• _What this task involves_:
Each entry must be output once more without any change.

● ● ● ● ●

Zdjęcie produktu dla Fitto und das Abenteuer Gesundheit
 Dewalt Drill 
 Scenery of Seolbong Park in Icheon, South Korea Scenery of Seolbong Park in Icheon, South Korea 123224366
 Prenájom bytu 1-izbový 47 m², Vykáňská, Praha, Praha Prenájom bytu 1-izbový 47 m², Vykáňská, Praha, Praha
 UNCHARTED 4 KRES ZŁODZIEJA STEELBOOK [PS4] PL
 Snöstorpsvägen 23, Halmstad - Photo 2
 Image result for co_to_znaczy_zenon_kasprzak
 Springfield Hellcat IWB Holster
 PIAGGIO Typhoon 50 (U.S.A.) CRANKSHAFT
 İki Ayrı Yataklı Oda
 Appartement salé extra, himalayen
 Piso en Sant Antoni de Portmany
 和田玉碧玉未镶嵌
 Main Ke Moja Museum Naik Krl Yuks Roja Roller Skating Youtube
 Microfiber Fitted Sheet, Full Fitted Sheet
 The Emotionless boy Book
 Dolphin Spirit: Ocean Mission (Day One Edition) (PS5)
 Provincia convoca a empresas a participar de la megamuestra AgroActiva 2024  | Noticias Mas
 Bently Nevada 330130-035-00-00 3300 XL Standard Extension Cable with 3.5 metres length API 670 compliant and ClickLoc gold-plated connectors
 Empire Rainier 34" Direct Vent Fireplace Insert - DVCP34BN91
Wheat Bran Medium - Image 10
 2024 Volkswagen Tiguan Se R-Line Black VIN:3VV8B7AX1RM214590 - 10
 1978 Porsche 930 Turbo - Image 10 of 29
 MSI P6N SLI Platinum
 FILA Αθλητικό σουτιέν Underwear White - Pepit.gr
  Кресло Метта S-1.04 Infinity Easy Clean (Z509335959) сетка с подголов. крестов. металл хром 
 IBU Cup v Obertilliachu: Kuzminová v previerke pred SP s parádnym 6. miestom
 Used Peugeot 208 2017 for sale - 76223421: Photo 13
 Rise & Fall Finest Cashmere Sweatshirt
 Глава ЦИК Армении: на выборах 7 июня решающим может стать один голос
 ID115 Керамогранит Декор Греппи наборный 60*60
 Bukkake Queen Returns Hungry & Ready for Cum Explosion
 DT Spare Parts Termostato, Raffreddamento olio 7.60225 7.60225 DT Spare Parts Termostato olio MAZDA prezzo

● ● ● ● ●

• _Answer to this problem_:
Zdjęcie produktu dla Fitto und das Abenteuer Gesundheit
 Dewalt Drill 
 Scenery of Seolbong Park in Icheon, South Korea Scenery of Seolbong Park in Icheon, South Korea 123224366
 Prenájom bytu 1-izbový 47 m², Vykáňská, Praha, Praha Prenájom bytu 1-izbový 47 m², Vykáňská, Praha, Praha
 UNCHARTED 4 KRES ZŁODZIEJA STEELBOOK [PS4] PL
 Snöstorpsvägen 23, Halmstad - Photo 2
 Image result for co_to_znaczy_zenon_kasprzak
 Springfield Hellcat IWB Holster
 PIAGGIO Typhoon 50 (U.S.A.) CRANKSHAFT
 İki Ayrı Yataklı Oda
 Appartement salé extra, himalayen
 Piso en Sant Antoni de Portmany
 和田玉碧玉未镶嵌
 Main Ke Moja Museum Naik Krl Yuks Roja Roller Skating Youtube
 Microfiber Fitted Sheet, Full Fitted Sheet
 The Emotionless boy Book
 Dolphin Spirit: Ocean Mission (Day One Edition) (PS5)
 Provincia convoca a empresas a participar de la megamuestra AgroActiva 2024  | Noticias Mas
 Bently Nevada 330130-035-00-00 3300 XL Standard Extension Cable with 3.5 metres length API 670 compliant and ClickLoc gold-plated connectors
 Empire Rainier 34" Direct Vent Fireplace Insert - DVCP34BN91
Wheat Bran Medium - Image 10
 2024 Volkswagen Tiguan Se R-Line Black VIN:3VV8B7AX1RM214590 - 10
 1978 Porsche 930 Turbo - Image 10 of 29
 MSI P6N SLI Platinum
 FILA Αθλητικό σουτιέν Underwear White - Pepit.gr
  Кресло Метта S-1.04 Infinity Easy Clean (Z509335959) сетка с подголов. крестов. металл хром 
 IBU Cup v Obertilliachu: Kuzminová v previerke pred SP s parádnym 6. miestom
 Used Peugeot 208 2017 for sale - 76223421: Photo 13
 Rise & Fall Finest Cashmere Sweatshirt
 Глава ЦИК Армении: на выборах 7 июня решающим может стать один голос
 ID115 Керамогранит Декор Греппи наборный 60*60
 Bukkake Queen Returns Hungry & Ready for Cum Explosion
 DT Spare Parts Termostato, Raffreddamento olio 7.60225 7.60225 DT Spare Parts Termostato olio MAZDA prezzo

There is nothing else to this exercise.